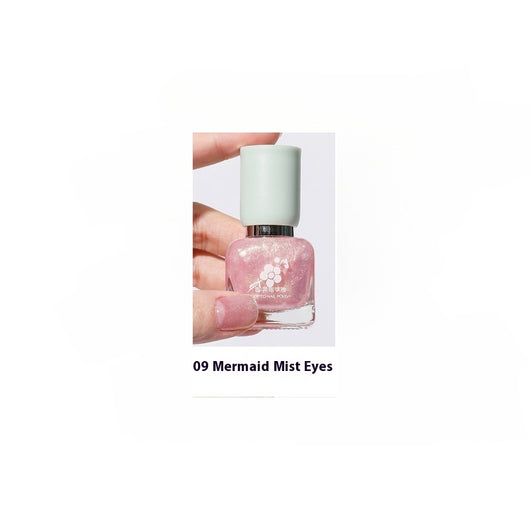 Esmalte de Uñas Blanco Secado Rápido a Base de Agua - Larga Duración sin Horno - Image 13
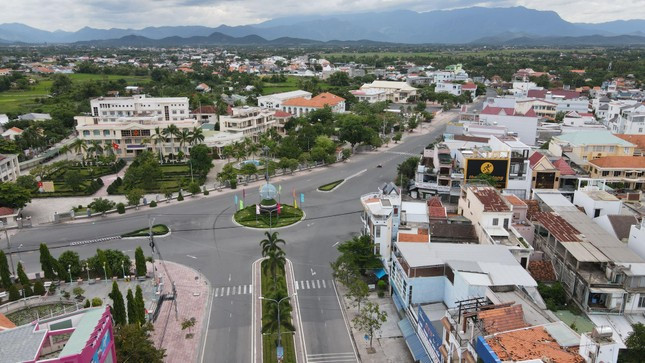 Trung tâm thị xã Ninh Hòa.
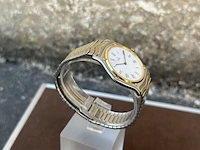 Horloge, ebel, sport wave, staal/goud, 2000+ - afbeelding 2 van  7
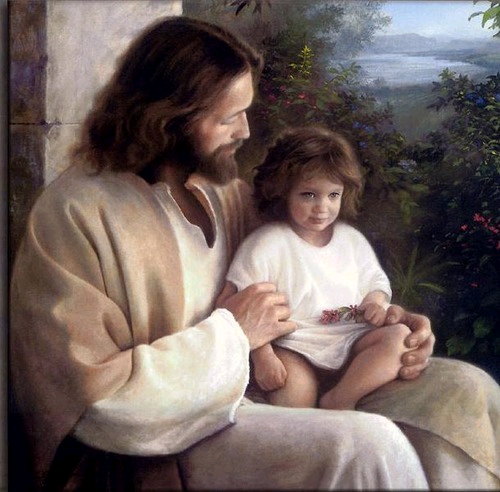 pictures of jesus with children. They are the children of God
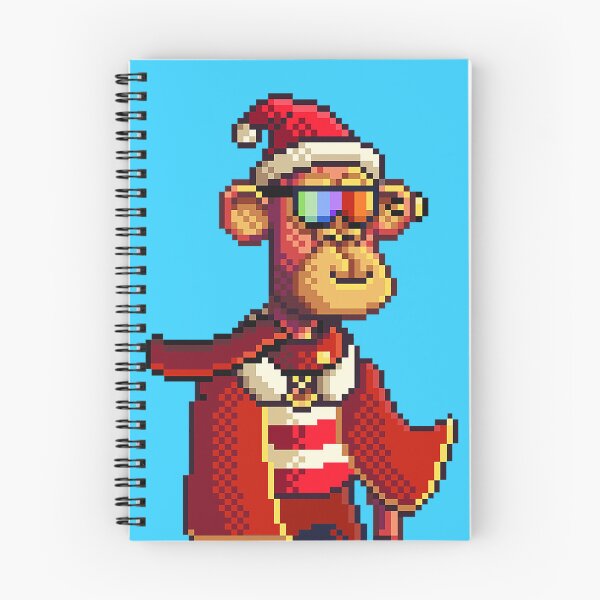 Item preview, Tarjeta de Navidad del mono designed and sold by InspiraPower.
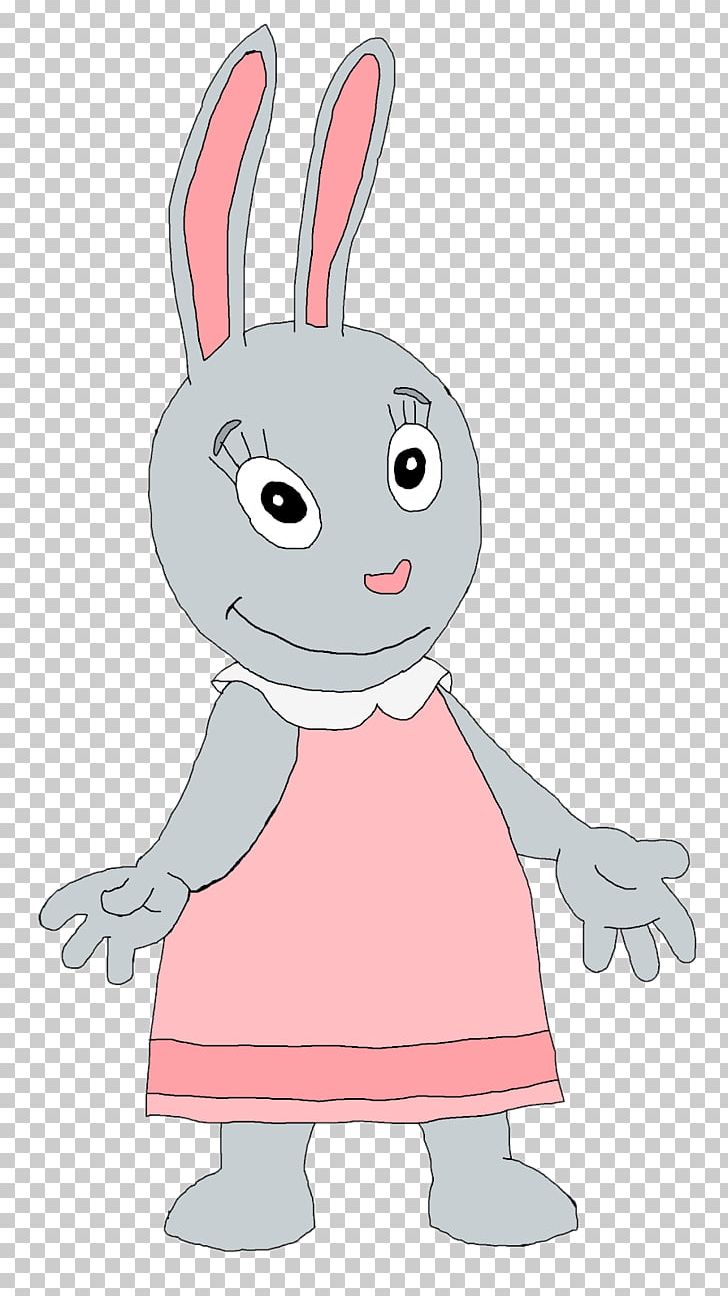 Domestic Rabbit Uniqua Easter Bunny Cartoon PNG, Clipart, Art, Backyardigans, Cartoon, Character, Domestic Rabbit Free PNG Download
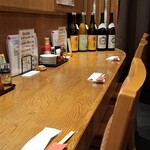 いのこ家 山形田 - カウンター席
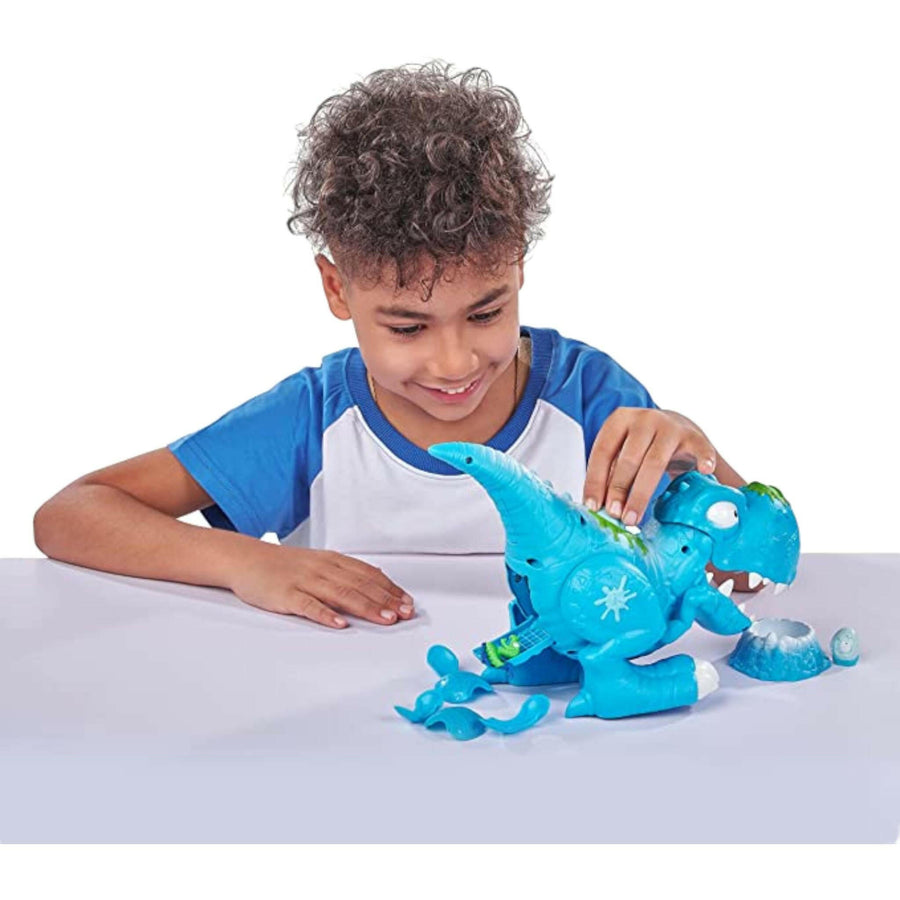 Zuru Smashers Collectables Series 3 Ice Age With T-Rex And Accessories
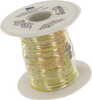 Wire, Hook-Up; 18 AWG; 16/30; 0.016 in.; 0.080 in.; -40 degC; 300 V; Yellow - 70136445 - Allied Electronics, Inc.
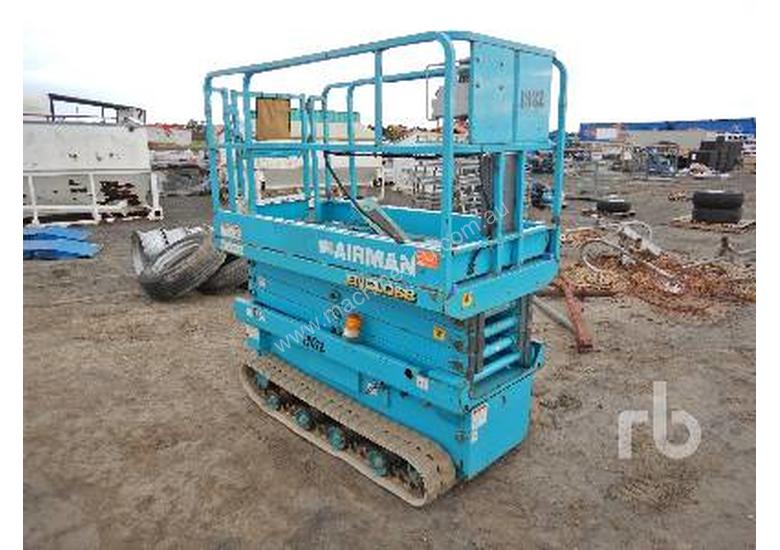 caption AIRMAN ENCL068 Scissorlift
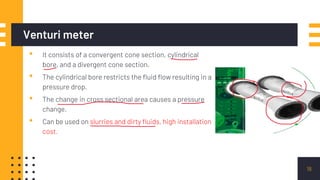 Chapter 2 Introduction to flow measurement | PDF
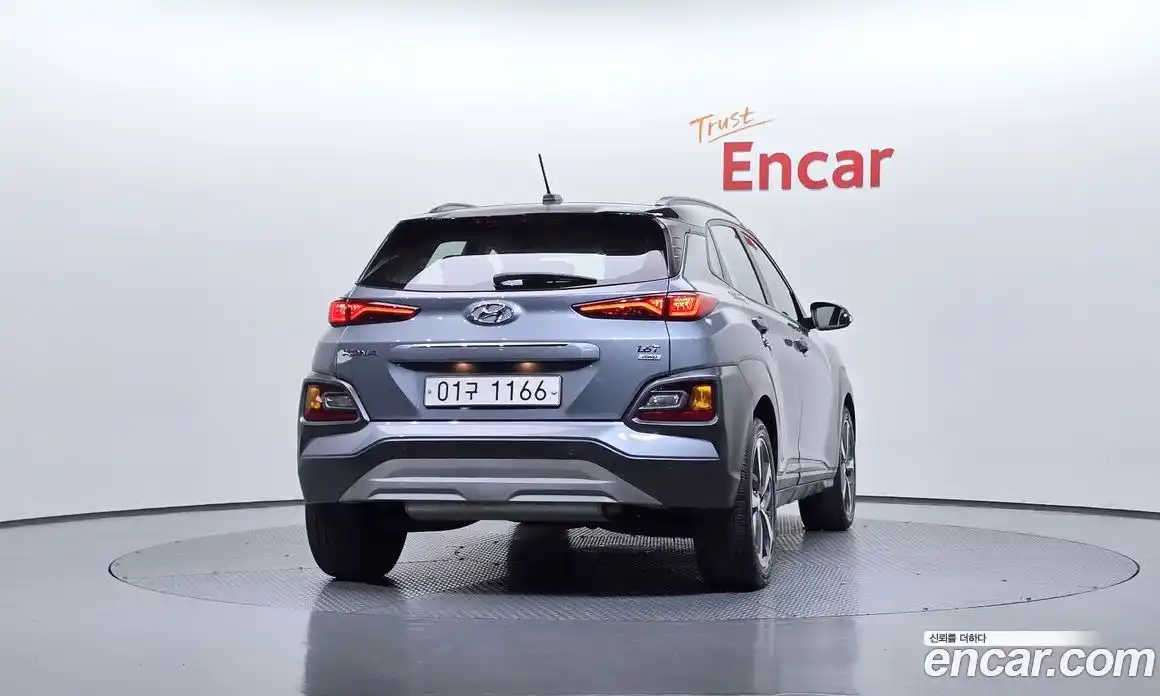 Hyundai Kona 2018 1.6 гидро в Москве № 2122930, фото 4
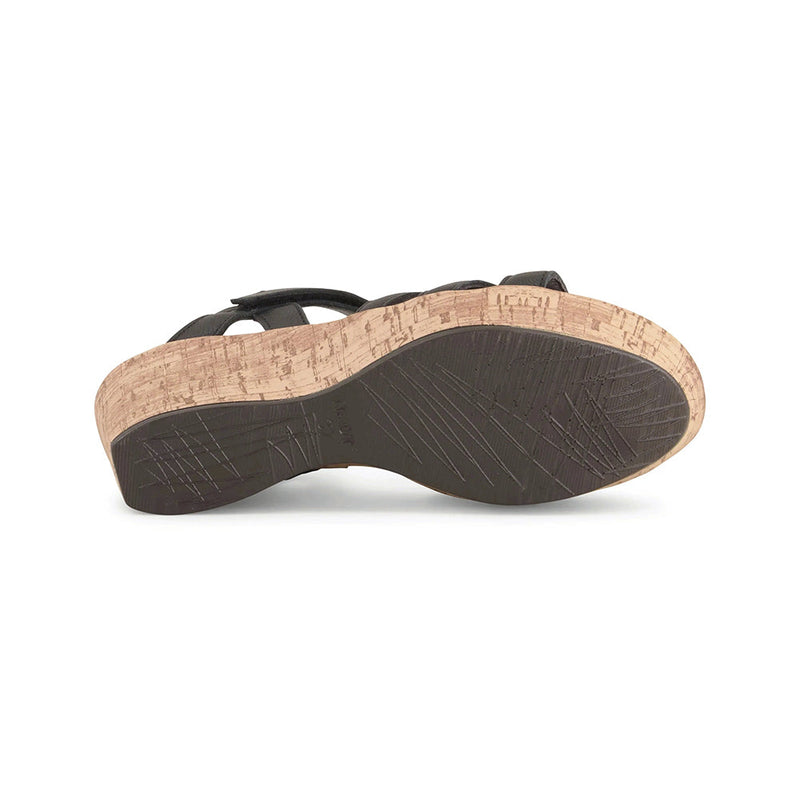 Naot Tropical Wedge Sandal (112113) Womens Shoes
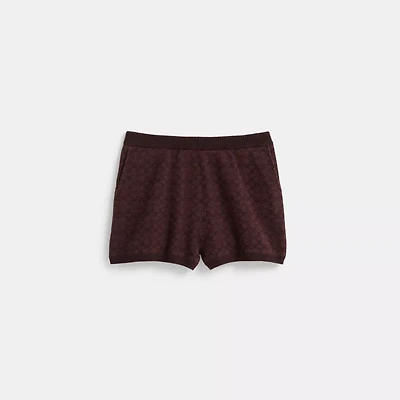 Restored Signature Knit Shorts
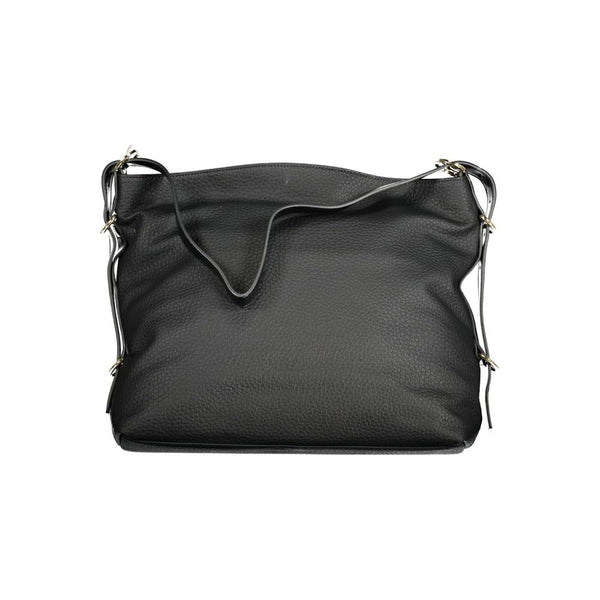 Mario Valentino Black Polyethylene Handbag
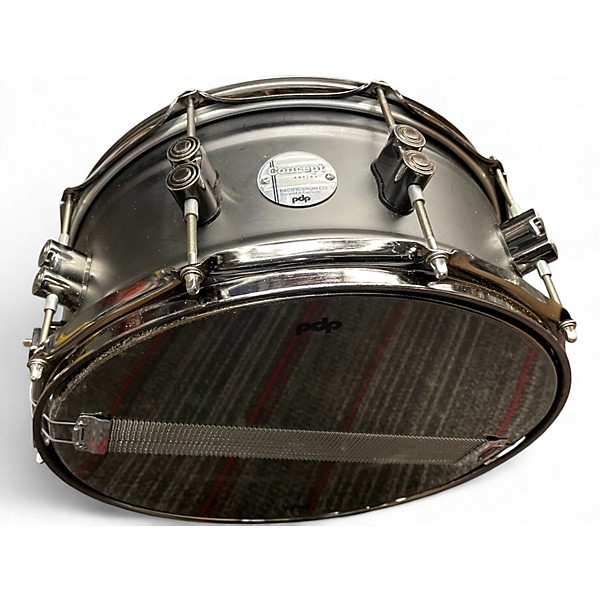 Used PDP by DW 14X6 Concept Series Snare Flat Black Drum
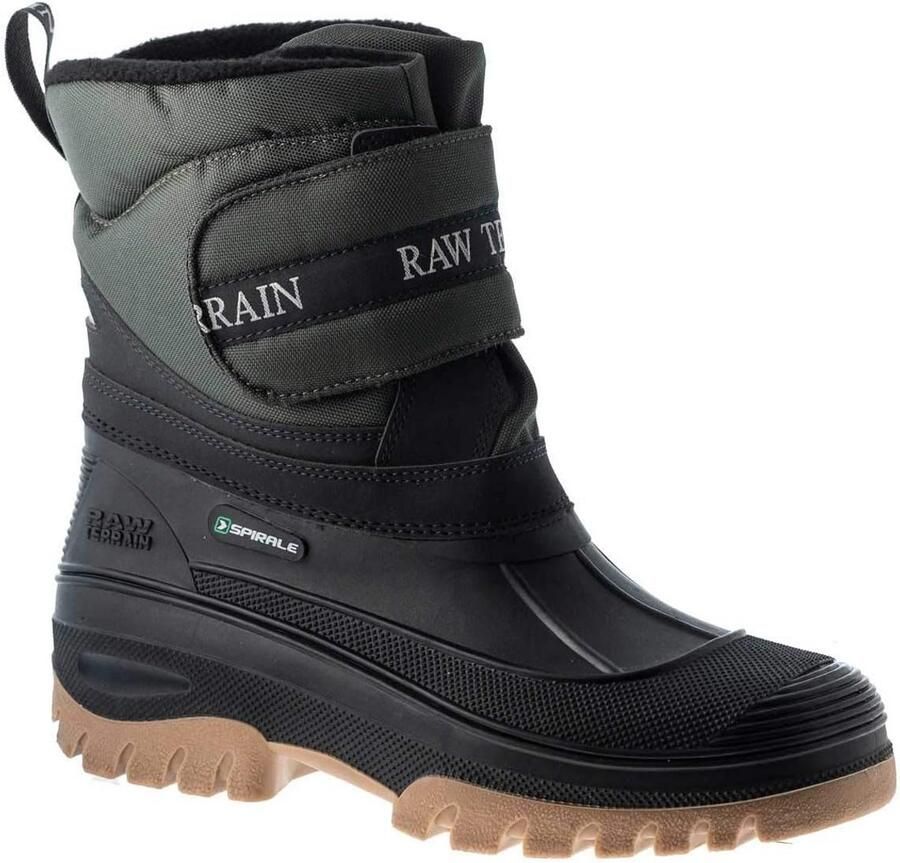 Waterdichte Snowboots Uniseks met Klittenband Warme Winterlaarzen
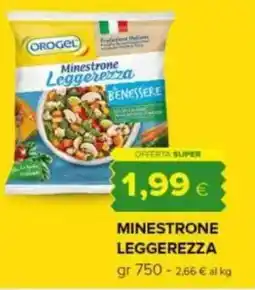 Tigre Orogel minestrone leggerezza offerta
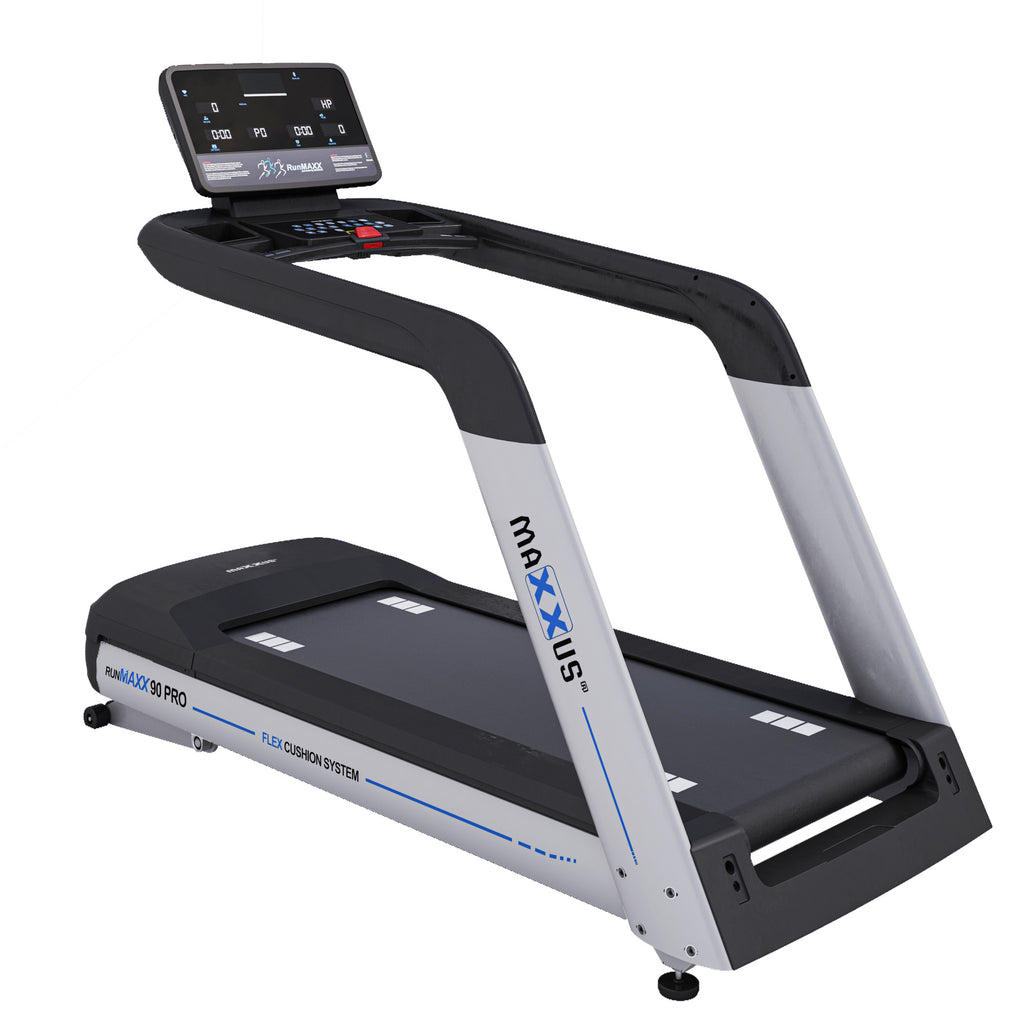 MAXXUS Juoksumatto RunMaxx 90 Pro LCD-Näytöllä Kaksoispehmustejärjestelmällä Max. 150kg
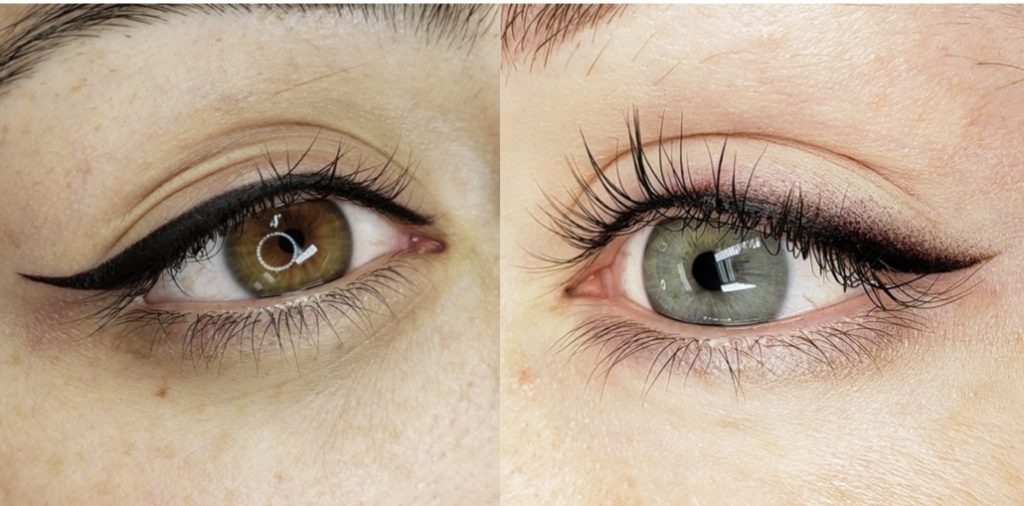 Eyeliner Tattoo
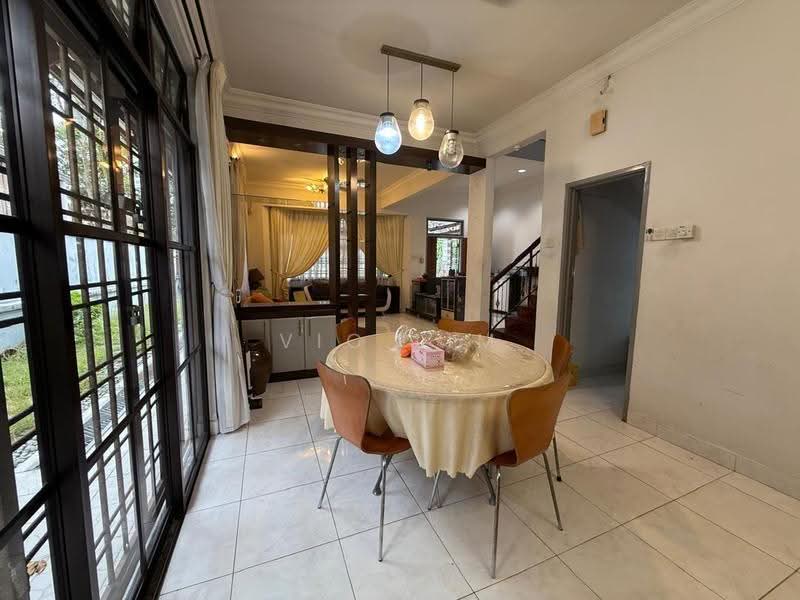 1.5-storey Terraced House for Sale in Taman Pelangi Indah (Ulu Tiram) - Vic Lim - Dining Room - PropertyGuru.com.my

_ _ _ _

Write out again exactly the lines above from the one with "Item preview, Tarjeta" through the one with "いのこ家 山形田 - カウンター席", adding no other lines and no pictures.

● **Your solution**
 Item preview, Tarjeta de Navidad del mono designed and sold by InspiraPower.
 Domestic Rabbit Uniqua Easter Bunny Cartoon PNG, Clipart, Art, Backyardigans, Cartoon, Character, Domestic Rabbit Free PNG Download
 いのこ家 山形田 - カウンター席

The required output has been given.